On Saturday night, HIMARS rocket artillery shelled the airpot at Melitopol, an aviation hub for Russian aircraft.
At $135,000 per guided MLRS rocket (GMLRS), Ukraine has to be judicious in what it strikes. One pod carries $810,000 worth of ordinance. They won’t be using those to hit armored conveys, better to save this long-range expensive stuff for ammo depots, concentrations of high-ranking officers, and airports. Anything that degrades Russia’s air capabilities will make Ukraine’s southern advances easier.
(This also shows why more MLRS/HIMARS launchers aren’t necessarily helpful, when each rocket salvo costs nearly $1 million. Ammunition will always be the greatest constraint in operating these.)
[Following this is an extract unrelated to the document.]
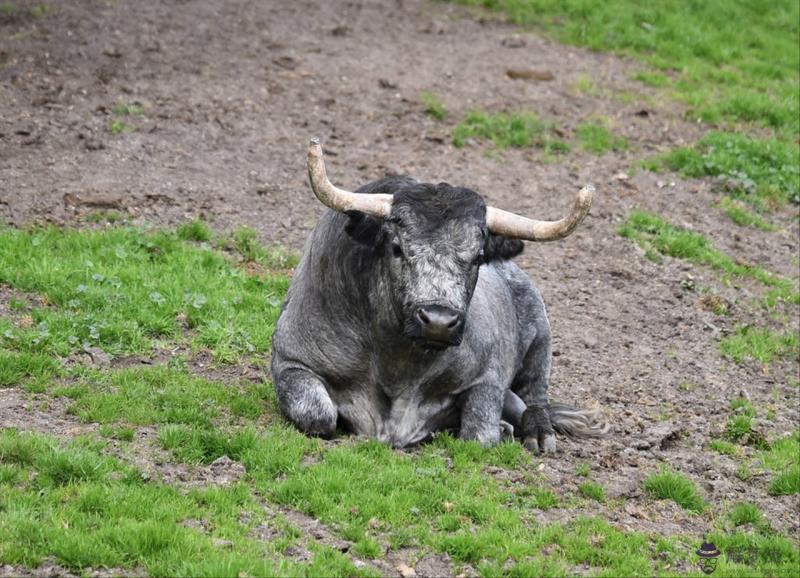 不會離開對方的生肖配對 最恩愛的生肖配對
The use of at least two of Ukraine’s four HIMARS launchers on Melitopol shows a curious shift in tactics—all four had been reportedly been used, oftentimes in concert, against Donbas-front targets. But Russia has lost over a dozen major arms depots in the region over the past week, and defensive lines are moving to the Bakhmut-Sivers’k line, where M777s and other Ukrainian artillery can provide solid cover. That has clearly given Ukraine space to shift some of that precious HIMARS support south.
Russia now has to decide whether to remain all-in on the Donbas front, driving toward the twin fortresses of Sloviansk and Kramatorsk, or reinforce the southern front to halt Ukraine’s slow advance. Regardless what they choose, Ukraine’s key priority seems obvious—liberate the port cities, and perhaps even make a move on Crimea (and the Russian naval presence supporting its economic blockade of Ukrainian sea trade), before looking toward a Donbas region that serves little strategic or economic purpose—particularly since many of those cities are rubble or impoverished from eight years of Russian occupation.
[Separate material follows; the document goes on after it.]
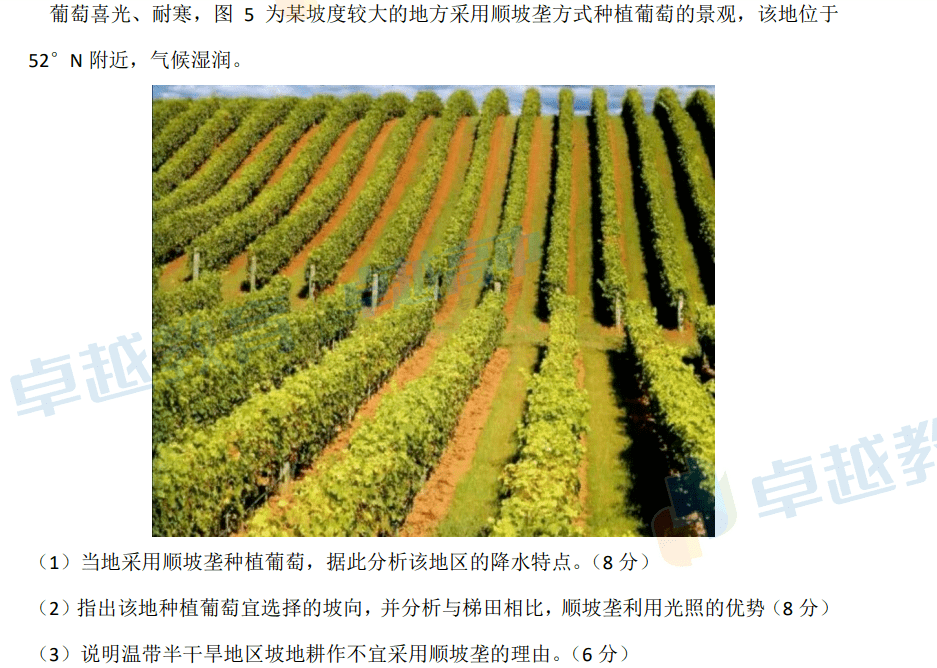 语文|高考结束，这些题目占据了C位热搜！来看看你会答吗？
We’ve long detailed the cost of advancing on Kherson—the flat, open terrain is unforgiving to advancing forces, easy pickings for enemy artillery (from both sides). Ukraine will need more of the high-powered artillery to cover their advances, suppressing enemy defenses and artillery batteries. By all indications, very few of the modern western NATO-standard guns have made it to the Kherson front. Official Ukrainian forces and military analysts still says August-September is the most likely timeline for a real counter-offensive.
Yet despite those challenges, Ukraine continues to advance, daring Russia to either move forces out of the Donbas front, or continue losing territory that both sides consider critical to their strategic war aims.
On the ground, Russia has captured all of Luhansk Oblast.
Vladimir Putin gets a big propaganda victory out of these developments, but it has zero effect on the broader strategic picture. Even Russian sources admit that they were unable to trap any significant number of Ukrainian forces—failing to deal Ukraine a strategic defeat. Losing any territory sucks, but this one is of little real value. The soldiers and their equipment? That would’ve been irreplaceable.
Monday, Jul 4, 2022 · 6:58:47 PM +00:00 · Mark Sumner
Artillery activity today in the Kherson region is just incomprehensible.
The whole line of demarcation between Russian and Ukrainian control is simply being plowed. It’s hard to even say who is doing the work here, there are areas — on the south end of the line, and near Davydiv Brid — where the big blasts seem to be falling solidly in Russian occupied territory. But at other points, fire is raining down right on what was thought to be the area of conflict between the two sides.
When it comes to Davydiv Brid, here’s just that part of the line in detail.
The area shows intense, but also precisely targeted fire, blanketing square kilometers of area east of the Inhulets River.
Ukrainian forces are reported to still hold a bridgehead in this area.